**What is required:** Only certain lines below are wanted: those starting at the line containing "Vera Mont Damen" and ending at the line containing "Minimalist Moda Eskizi", both included, each retyped exactly.

BEGIN Material shown

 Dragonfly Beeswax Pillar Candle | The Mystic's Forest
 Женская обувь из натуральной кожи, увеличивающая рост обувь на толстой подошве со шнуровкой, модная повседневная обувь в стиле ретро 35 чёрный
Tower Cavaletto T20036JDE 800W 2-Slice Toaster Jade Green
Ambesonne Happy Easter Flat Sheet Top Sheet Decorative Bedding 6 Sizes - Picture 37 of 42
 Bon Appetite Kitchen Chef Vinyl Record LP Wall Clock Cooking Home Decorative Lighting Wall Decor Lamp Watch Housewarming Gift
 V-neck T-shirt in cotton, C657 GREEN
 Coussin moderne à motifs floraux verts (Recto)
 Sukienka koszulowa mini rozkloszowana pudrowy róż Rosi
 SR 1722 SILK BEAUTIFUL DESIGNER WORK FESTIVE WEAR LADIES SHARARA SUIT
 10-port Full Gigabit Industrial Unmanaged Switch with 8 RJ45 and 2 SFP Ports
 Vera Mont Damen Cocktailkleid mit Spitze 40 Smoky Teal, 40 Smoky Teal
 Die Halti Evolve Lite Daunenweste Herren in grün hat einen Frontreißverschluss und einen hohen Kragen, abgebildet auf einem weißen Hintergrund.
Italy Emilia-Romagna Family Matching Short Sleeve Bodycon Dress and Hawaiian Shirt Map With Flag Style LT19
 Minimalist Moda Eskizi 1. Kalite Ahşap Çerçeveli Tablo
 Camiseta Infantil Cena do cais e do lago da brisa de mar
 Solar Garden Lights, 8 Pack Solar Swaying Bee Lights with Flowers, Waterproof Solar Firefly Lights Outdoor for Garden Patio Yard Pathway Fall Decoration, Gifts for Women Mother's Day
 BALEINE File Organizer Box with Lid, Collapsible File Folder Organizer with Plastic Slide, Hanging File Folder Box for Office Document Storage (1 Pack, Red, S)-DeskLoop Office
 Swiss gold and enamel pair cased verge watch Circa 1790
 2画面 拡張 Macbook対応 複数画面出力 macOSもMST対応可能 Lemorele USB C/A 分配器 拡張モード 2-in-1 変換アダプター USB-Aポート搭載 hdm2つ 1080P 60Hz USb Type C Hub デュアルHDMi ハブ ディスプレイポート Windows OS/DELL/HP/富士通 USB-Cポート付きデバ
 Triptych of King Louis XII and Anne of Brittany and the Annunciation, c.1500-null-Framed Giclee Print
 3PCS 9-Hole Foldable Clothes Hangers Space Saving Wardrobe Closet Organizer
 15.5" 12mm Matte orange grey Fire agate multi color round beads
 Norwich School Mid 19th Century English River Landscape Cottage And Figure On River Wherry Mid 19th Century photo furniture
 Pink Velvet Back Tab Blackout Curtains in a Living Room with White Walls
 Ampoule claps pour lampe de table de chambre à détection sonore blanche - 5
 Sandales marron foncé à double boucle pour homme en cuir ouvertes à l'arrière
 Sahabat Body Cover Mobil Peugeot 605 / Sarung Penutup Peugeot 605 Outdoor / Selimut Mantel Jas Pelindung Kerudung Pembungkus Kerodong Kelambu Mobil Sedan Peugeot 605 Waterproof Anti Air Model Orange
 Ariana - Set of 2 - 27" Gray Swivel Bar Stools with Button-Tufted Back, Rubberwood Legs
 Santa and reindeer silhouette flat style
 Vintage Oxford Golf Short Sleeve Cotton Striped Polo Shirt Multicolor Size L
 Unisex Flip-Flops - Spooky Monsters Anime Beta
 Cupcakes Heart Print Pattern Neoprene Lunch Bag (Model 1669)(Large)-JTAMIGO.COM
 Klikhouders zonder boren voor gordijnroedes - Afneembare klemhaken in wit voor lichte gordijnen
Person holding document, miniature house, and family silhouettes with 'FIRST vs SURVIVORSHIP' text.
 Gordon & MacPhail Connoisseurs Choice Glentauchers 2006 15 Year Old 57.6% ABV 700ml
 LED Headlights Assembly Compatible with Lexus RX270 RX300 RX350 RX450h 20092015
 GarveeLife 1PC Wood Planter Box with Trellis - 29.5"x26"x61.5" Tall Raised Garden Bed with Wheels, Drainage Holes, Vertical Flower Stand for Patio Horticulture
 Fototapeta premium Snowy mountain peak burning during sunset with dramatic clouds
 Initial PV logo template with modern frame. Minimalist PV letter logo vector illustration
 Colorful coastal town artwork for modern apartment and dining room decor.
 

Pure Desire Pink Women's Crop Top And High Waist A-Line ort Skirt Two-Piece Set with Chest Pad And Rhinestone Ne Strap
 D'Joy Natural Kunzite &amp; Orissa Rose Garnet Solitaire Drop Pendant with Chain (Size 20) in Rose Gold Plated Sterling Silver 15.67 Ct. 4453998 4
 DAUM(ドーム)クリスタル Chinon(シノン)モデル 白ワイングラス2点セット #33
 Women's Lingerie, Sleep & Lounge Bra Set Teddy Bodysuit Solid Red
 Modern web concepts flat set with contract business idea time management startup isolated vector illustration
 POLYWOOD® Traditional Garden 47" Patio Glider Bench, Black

END Material shown

**Exercise solution:**
 Vera Mont Damen Cocktailkleid mit Spitze 40 Smoky Teal, 40 Smoky Teal
 Die Halti Evolve Lite Daunenweste Herren in grün hat einen Frontreißverschluss und einen hohen Kragen, abgebildet auf einem weißen Hintergrund.
Italy Emilia-Romagna Family Matching Short Sleeve Bodycon Dress and Hawaiian Shirt Map With Flag Style LT19
 Minimalist Moda Eskizi 1. Kalite Ahşap Çerçeveli Tablo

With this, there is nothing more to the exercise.